This model had a black truss rod cover with a moderately wide white border, “Les Paul MODEL” in gold decal positioned horizontally at or near the center of its ebony overlain headstock, featured greenish pearloid tulip-shaped plastic buttons on square-back, sealed back tuners that greatly resemble Kluson Deluxe, and, on the back of its headstock, an inked serial number starting with “9” to designate it as a 1959 version, and then a space, and then four digits, just like the big boys do downtown. In doing this – bringing the Les Paul back in the form of a close-to-accurate yet simultaneously updated replication with just a few nods to modernity, Gibson reestablished itself as “The Man” (corporations are people) in the business of creating an instrument that everybody who plays electric guitar and is still breathing wishes to own. This guitar is completely mind-blowing, its wood-choices exquisite, its boisterous voice not a bit tamed, sonically untranslatable, its unique sound identified only as barbaric “yawp” over the roofs of the world - rich, sonorous, blatant, unmistakable.
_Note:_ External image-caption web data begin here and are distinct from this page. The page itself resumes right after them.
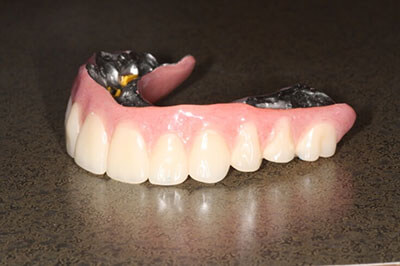 The dental implant denture prior to placement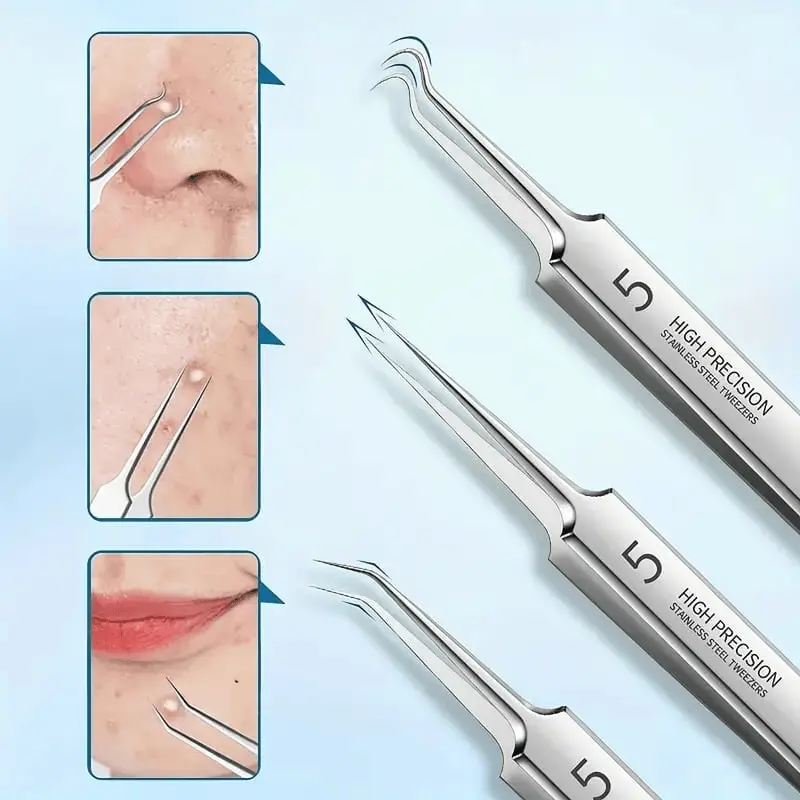 Acne treatment tools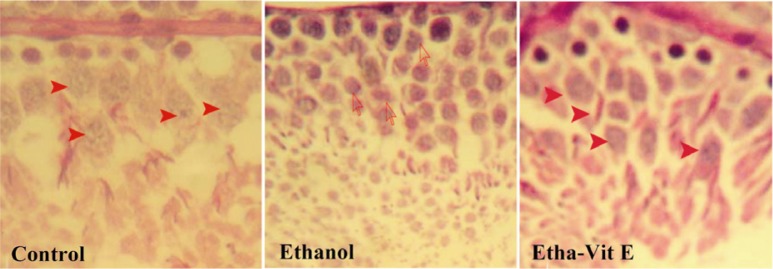 Figure 3 Histophatology of testis tissue in control, ethanol rats, and ethanol-vitamin E rats (hematoxylin-eosin, original magnification×400). (Control) Control testis tissue with normal genocytes location undergoing mitosis division. (Ethanol) ethan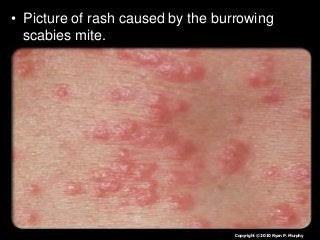 Immune System Lesson PowerPoint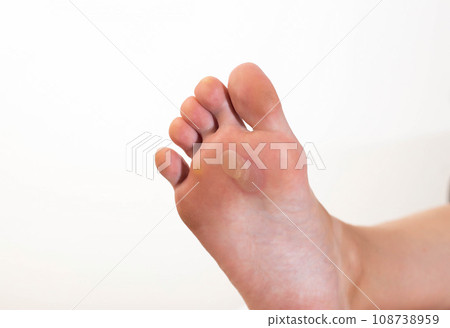A person's foot has a large callus on its foot due to rubbing from uncomfortable shoes. Rod wart on the sole of the foot, close-up. Copy space for text A person's foot has a large callus on its foot due to rubbing from uncomfortable shoes. Rod wart on the sole of the foot, close-up. Copy space for text 108738959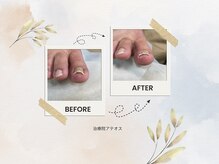 【痩身/ダイエット/整体/骨盤矯正】専門サロン アテオス/巻き爪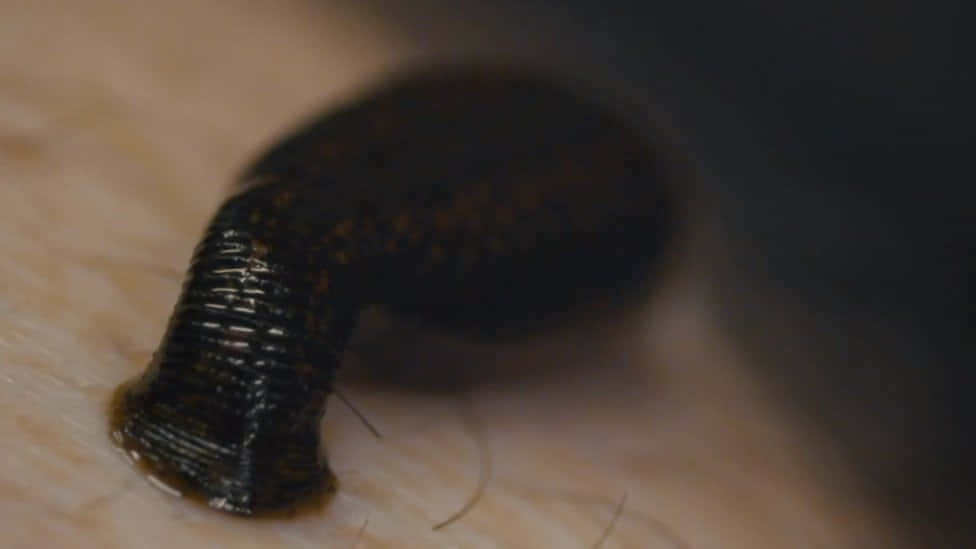  壁紙 — 深色水蛭附著在人體皮膚上的特寫，可見脊狀紋理和毛髮。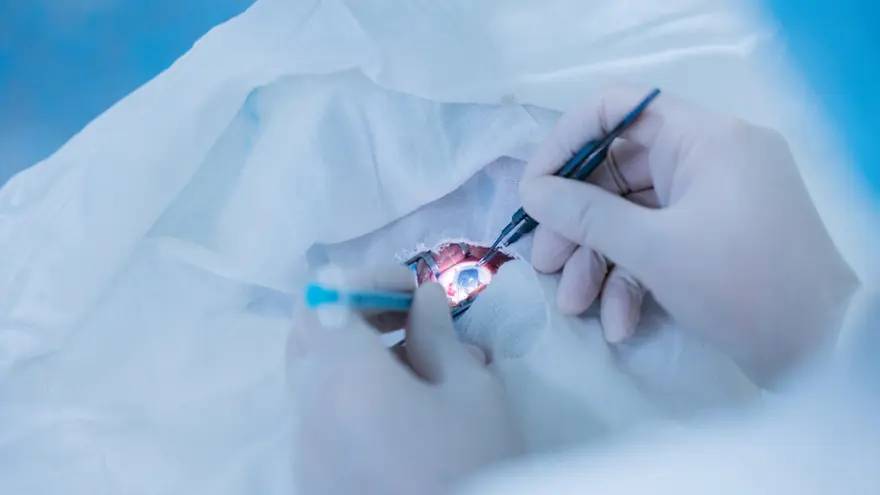 What is Standard LASIK and How Does it Work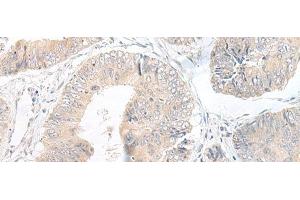 Immunohistochemistry of paraffin-embedded Human colorectal cancer tissue using LYRM2 Polyclonal Antibody at dilution of 1:50(x200) (LYRM2 抗体)
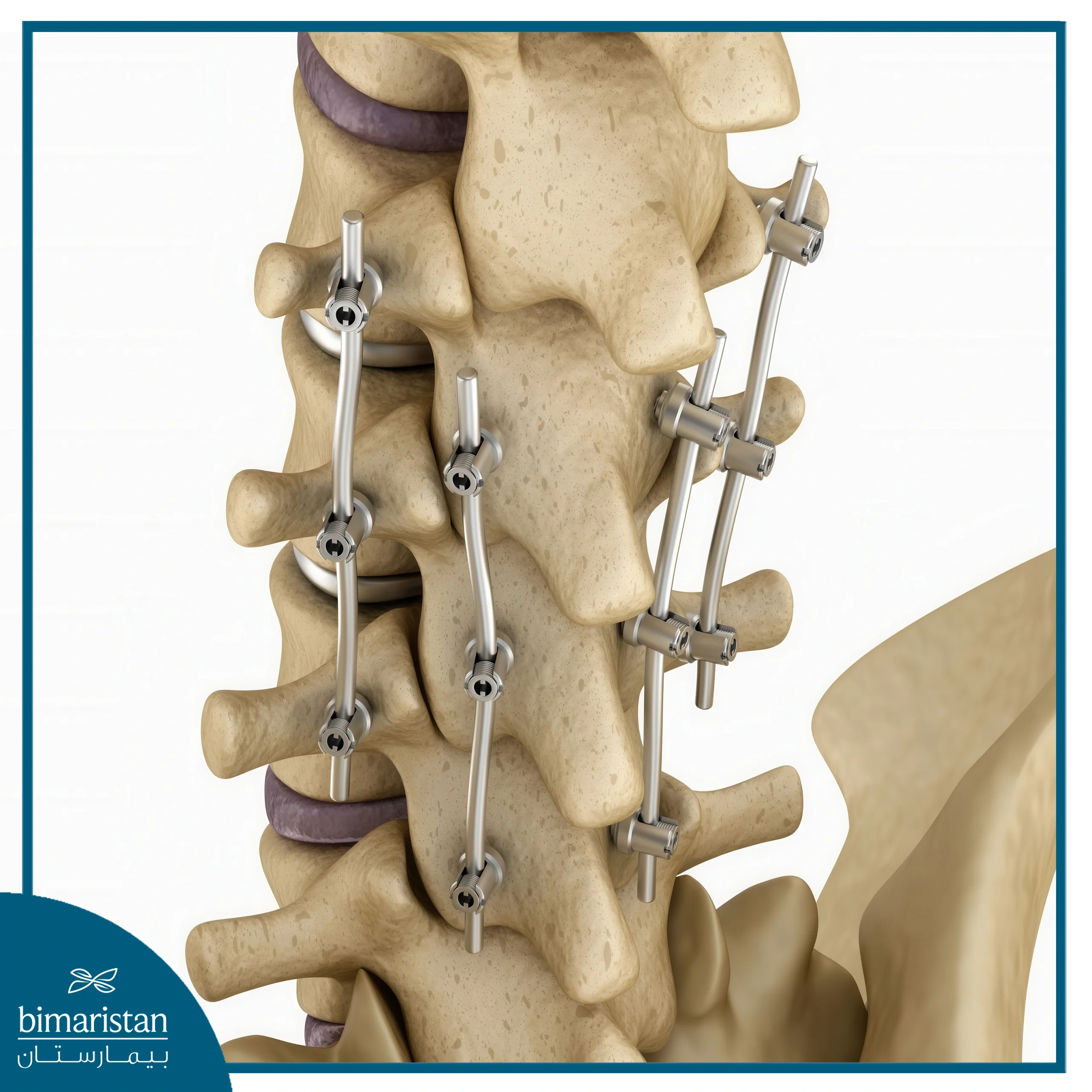 Kyphosis Treatment: A Revolutionary Solution For Hunchback Treatment 6 Spinal Fusion Surgery To Treat Kyphosis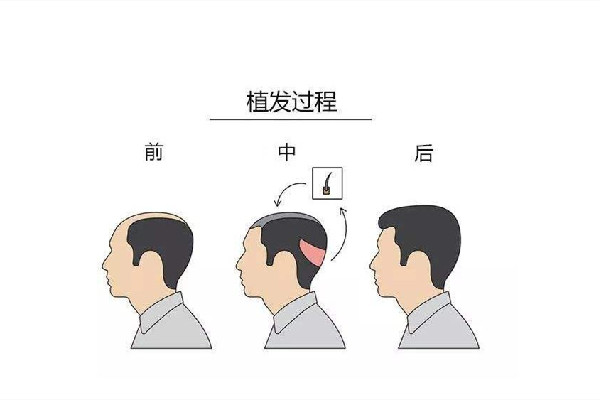 植發(fā)需要多少錢 植發(fā)按什么標(biāo)準(zhǔn)收費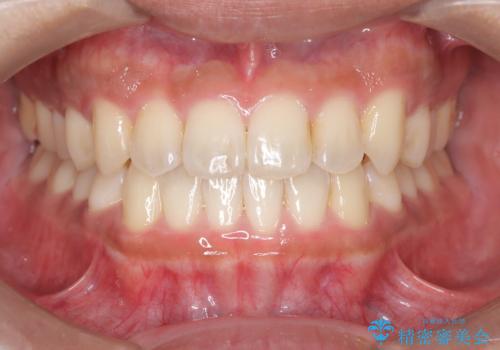 【インビザライン】反対咬合をなおしたいの症例 治療後
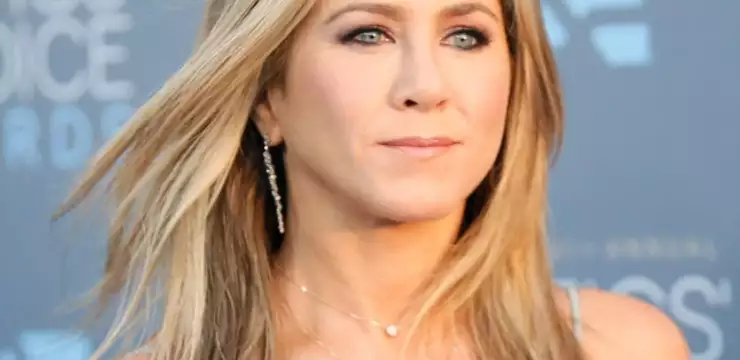 Jennifer Aniston et la chirurgie esthétique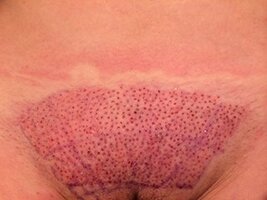 pubic-hair-restoration-surgery.jpg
This guitar shows light normal signs of playing time and use including some buckle marks on the back that do not penetrate the finish, indentations (i.e., dings) overall including a larger one at the bottom middle of the back (near bottom side), and other signs of casual use including several areas where contact with a guitar stand has disrupted the finish on and around the bottom side This guitar is accompanied by the Gibson replica fold-over booklet, the Gibson “Custom Art Historic” tag and the “Gibson Vintage Reissue Strings” orange tag. There is a slight displacement of the neck pickup from its crème plastic surround; there is light oxidation or wear on the metal parts, some chips and nicks on the headstock, including one on the front near the upper treble point. All of this is in keeping with the notion that it is twelve years old and it was earlier owned. But hey, you wouldn’t expect an actual 1959 to be pristine, right?
This is a guitar for the dreamer in us all, the player who sees himself or herself wearing a large black top hat ringed with silver conches, dark sunglasses, having black cranial hair down to the shoulders, six days of facial growth and, well, a nose ring on the right hand side.